A second non-operated well, the four-star 18-1, was also completed. Initial production test rates of this well were 1,056 barrels of oil per day and 3 million cubic feet of gas per day with flowing tubing pressure of 4,000 psi on a 30/64-inch choke. We remain encouraged by the strong well results from this area and continue to believe the Austin Chalk project area has the potential to be a meaningful growth area for us. One non-operated well is currently being drilled in the Burr Ferry area and we expect to participate in at least three more wells in this area next year.

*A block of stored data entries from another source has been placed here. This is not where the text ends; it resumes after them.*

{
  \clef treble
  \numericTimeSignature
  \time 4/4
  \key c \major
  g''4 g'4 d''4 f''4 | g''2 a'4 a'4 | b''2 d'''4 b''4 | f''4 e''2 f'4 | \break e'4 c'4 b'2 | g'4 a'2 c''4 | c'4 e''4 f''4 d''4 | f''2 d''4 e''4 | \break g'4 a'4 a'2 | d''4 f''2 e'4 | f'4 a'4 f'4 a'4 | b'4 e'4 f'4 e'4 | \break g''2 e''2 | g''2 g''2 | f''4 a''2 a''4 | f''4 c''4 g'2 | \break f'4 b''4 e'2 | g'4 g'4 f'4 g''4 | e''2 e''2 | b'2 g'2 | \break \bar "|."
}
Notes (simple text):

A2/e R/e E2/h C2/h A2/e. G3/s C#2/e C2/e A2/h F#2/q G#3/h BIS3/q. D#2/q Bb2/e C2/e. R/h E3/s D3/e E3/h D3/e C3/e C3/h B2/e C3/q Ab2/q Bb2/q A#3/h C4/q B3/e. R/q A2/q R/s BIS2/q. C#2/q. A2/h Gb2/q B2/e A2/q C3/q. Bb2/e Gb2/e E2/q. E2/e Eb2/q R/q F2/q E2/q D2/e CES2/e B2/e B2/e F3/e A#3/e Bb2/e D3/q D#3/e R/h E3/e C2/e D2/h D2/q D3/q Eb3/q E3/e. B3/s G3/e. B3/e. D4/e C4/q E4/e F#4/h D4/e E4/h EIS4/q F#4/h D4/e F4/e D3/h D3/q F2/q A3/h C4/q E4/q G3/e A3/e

Moving on to South Texas, 12 Eagle Ford horizontal wells were completed during the third quarter. In this morning's press release, we included a table highlighting test data from these completions. Swift Energy continues to adjust our completion and production techniques to optimize production. In addition, we continue to benefit from more efficient drilling and completion times as we move past appraisal mode and into development mode in some areas.
As Terry mentioned earlier, we did experience some unexpected delays during the completion of a four-well pad project in the FMR area in northern McMullen County. The first delay was related to the simultaneous fracking operations themselves, where faulting in the area caused interference between these close-proximity wells, resulting in sticking some tools downhole. The second and more significant delay, was related to the unexpectedly low GORs of the Eagle Ford wells compared to offset SMR Eagle Ford locations, as well as the greater northern AWP area of McMullen County.
Most wells in these areas have of GORs 1,000 to 2,000 to 1. These wells had GORs of about 600 to 1. That is requiring us to move much more quickly than planned on our tubing installation and gas lift operations. Due to the close proximity of the wells on this four-well pad, we were required to shut in all wells on the pad for most of October to conduct these operations, thus delaying production from this key area.
While the lower GORs of these wells were below original forecasts, we did achieve expected initial oil production rates and still expect these wells to perform well once they are all on gas lift and have tubing installed. As a result of the lessons learned, we have modified our pad fracking operations to ensure that we do not cause this type of pressure interference in our pad wells in the future. Especially in areas with known faulting.
A good example of the changes we made can be found in the next two wells in this area that we have recently completed. The McClarty 1H and 2H were recently completed and are currently flowing back at an average stabilized rate of 708 barrels of oil per day and 1.3 million cubic feet of gas per day. The GORs in these wells are much more in line with our model expectations throughout northern AWP area.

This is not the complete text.